Depending on how bad the prolapse is, by the time you realize you have a problem, it may be too late for kegel exercises to make a difference.
Vaginal pessary
A vaginal pessary is a rubber or plastic ring that helps prop up the uterus and keep it in place. It fits snugly around or under the cervix to improve the strength and stability of the pelvic floor. Pessaries are most often employed when the patient is trying to avoid surgery for personal reasons or when surgery is medically dangerous.
Prolapse repair surgery
Surgery to repair the underlying structure of the pelvic floor is often successful in alleviating symptoms by returning the uterus to its original position. Your surgeon can complete this procedure either through the vagina or through the abdomen.

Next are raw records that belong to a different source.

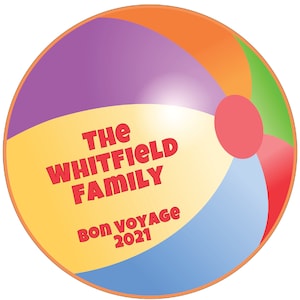 Beach Ball Personalized Cruise Door Magnet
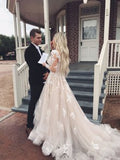 Simidress.com offer Gorgeous Long Sleeve Lace Ball Gown V-neck Wedding Dress with Train, SW228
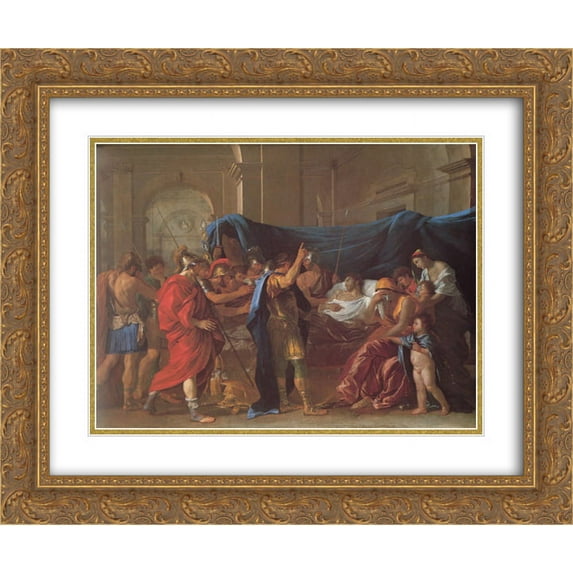 Nicolas Poussin 2x Matted 24x20 Gold Ornate Framed Art Print 'The Death of Germanicus ' detail'
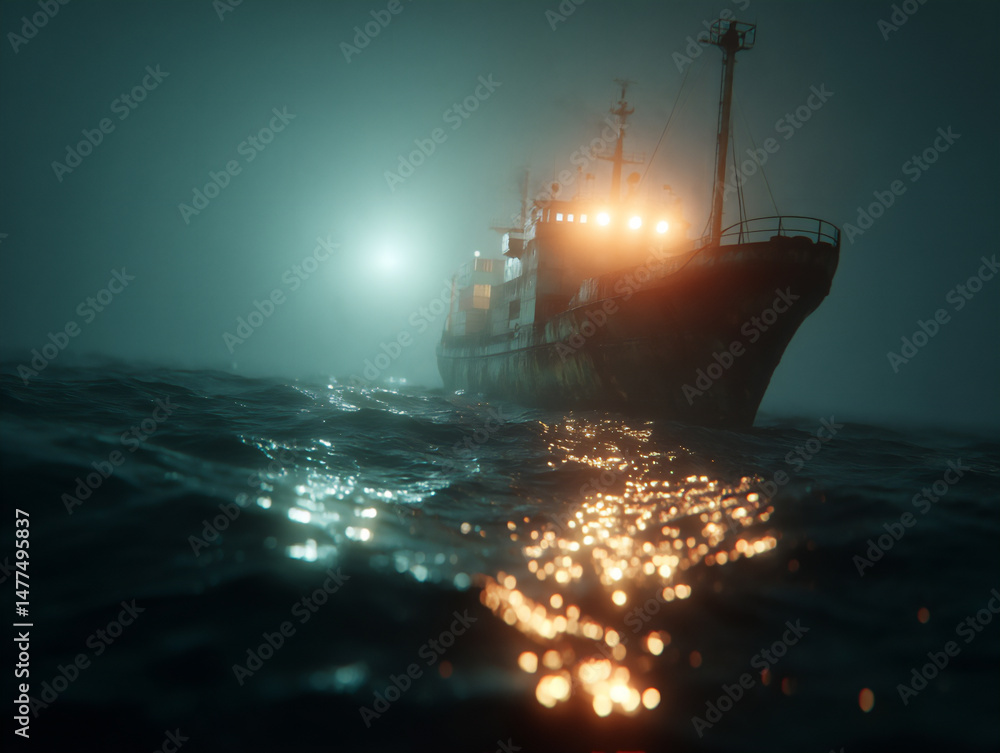 Poster a 3d rendering depicting a container ship navigating through dense fog, with visibility severely lim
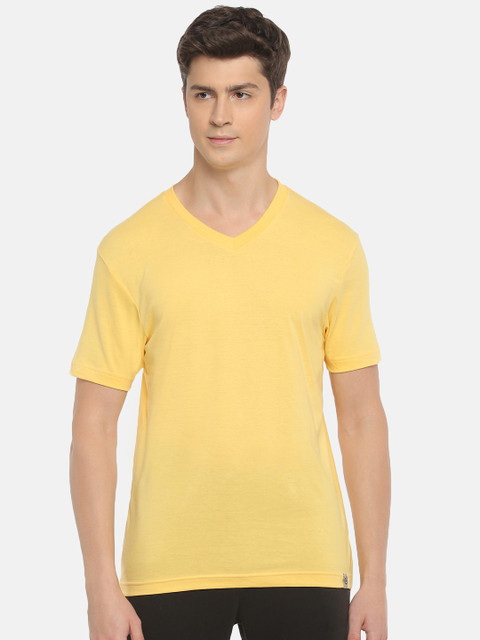 Macroman M-Series Solid Men V Neck Yellow T-Shirt Buy Macroman M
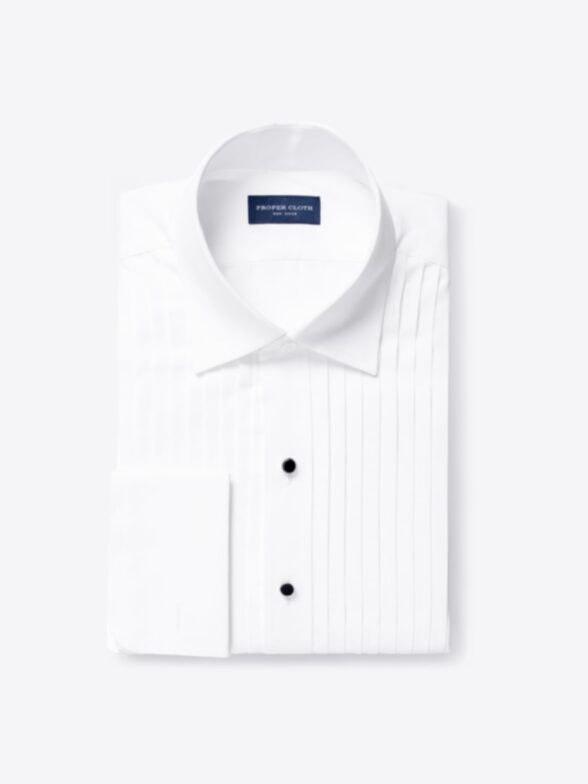 Miles White 120s Broadcloth Pleated Front Tuxedo Shirt Product Image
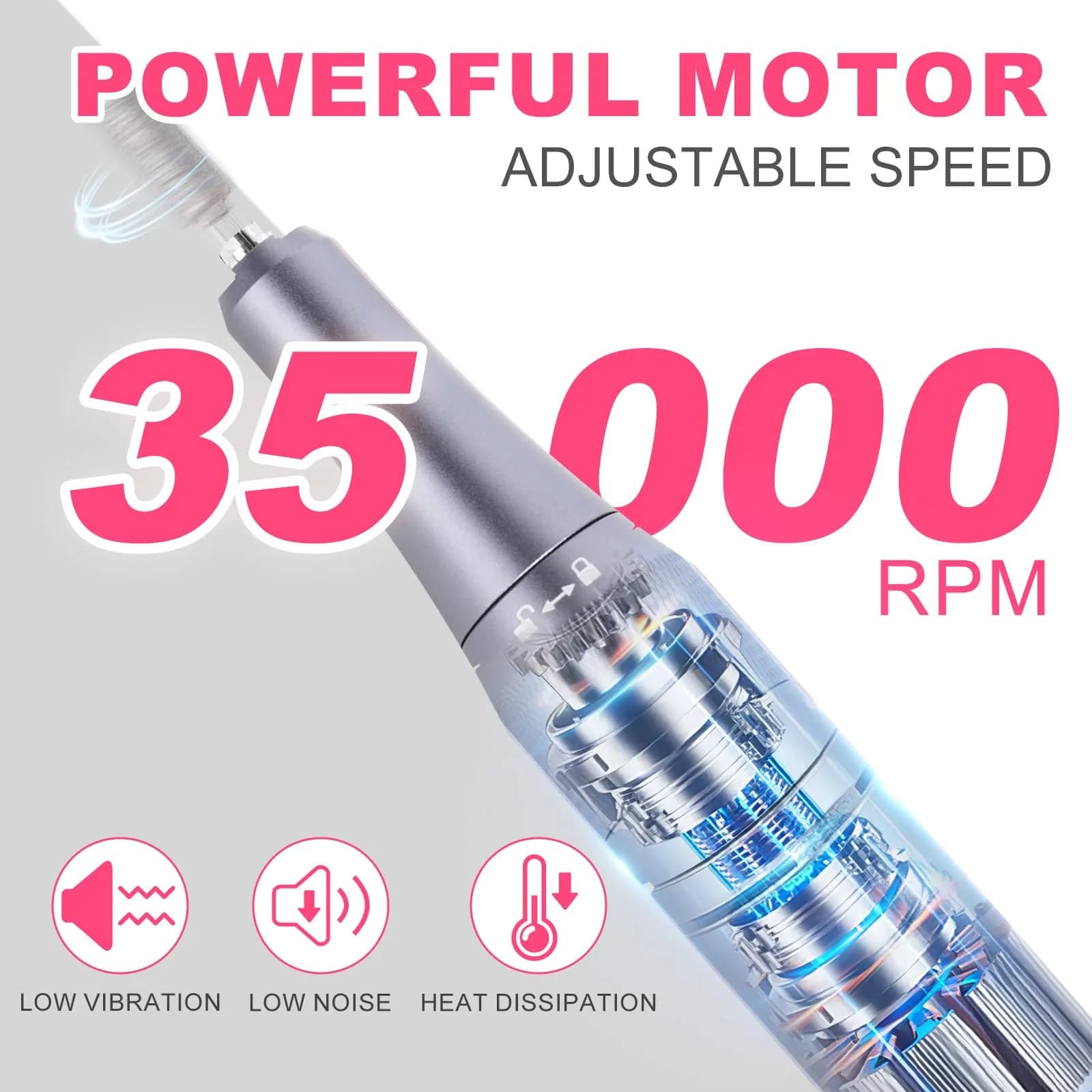 MEKK Cordless Nail Drill Kit 35000RPM with LCD Display & 12 Bits | Professional Electric Nail File for Home & Salon thumbnail 2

Prolapse repair surgery with hysterectomy
In some cases, the best treatment is to remove the uterus altogether, a procedure known as a hysterectomy. Your surgeon may choose to perform the surgery through either the vagina or through an incision in the abdomen, depending on which is less invasive in your particular situation.
These treatments have a high rate of initial success, but uterine prolapse often reoccurs over time. Your medical team needs to monitor your pelvic region even after a repair involving a hysterectomy. While the uterine prolapse can no longer reoccur, vaginal vault prolapse, where the upper portion of the vaginal canal sags into the lower portion, may develop in its place.
A Final Word
Individuals with uterine prolapse should also avoid certain activities that may exacerbate their condition. Patients with uterine prolapse should avoid heavy to moderate lifting, if possible. If lifting cannot be avoided, it is crucial to use proper lifting techniques to prevent further displacement of the uterus. It is also crucial to manage any chronic coughing or ongoing constipation as soon as possible, as these conditions trigger or worsen uterine prolapse for many individuals.
If you suspect that you have uterine prolapse, schedule an appointment to talk with your doctor as soon as possible. The sooner you enlist your doctor’s help, the sooner you can assess the situation and formulate a treatment plan that keeps you active, healthy, and pain-free.